■ WORK TO BE COMPLETED
In the entries below, find the line with "Ballytrain - Model" and the line with "Traveling Tools Laptop"; reproduce those two lines and all lines between them exactly, without pictures.

** DATA FOR THIS EXERCISE follows **

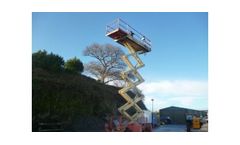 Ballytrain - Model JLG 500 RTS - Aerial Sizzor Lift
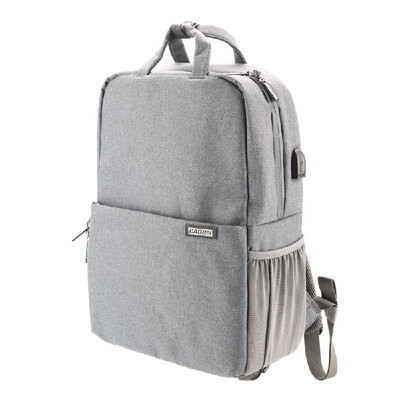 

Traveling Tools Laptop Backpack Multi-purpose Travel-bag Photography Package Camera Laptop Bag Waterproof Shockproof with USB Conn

** End of DATA FOR THIS EXERCISE **
** DATA FOR THIS EXERCISE follows **

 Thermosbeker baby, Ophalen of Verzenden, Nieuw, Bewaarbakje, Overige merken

** End of DATA FOR THIS EXERCISE **
** DATA FOR THIS EXERCISE follows **

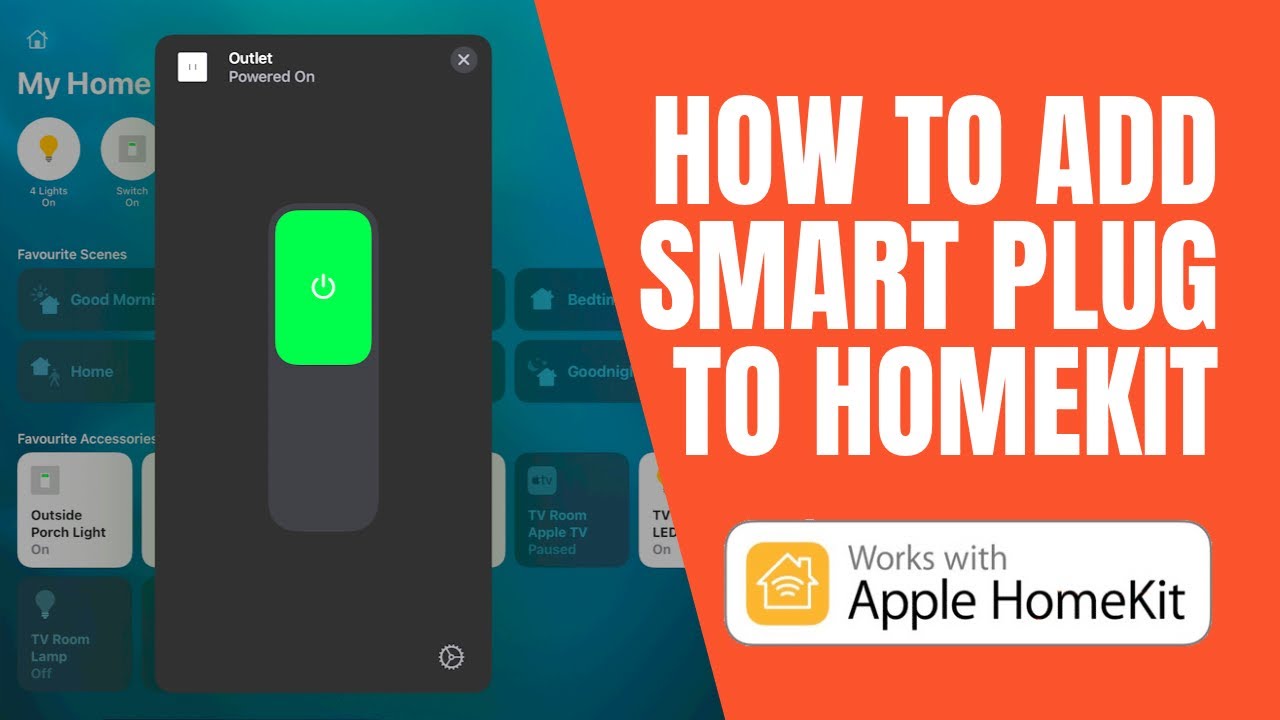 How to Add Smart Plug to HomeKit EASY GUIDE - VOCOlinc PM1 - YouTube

** End of DATA FOR THIS EXERCISE **

■ ANSWER BELOW
 Ballytrain - Model JLG 500 RTS - Aerial Sizzor Lift

Traveling Tools Laptop Backpack Multi-purpose Travel-bag Photography Package Camera Laptop Bag Waterproof Shockproof with USB Conn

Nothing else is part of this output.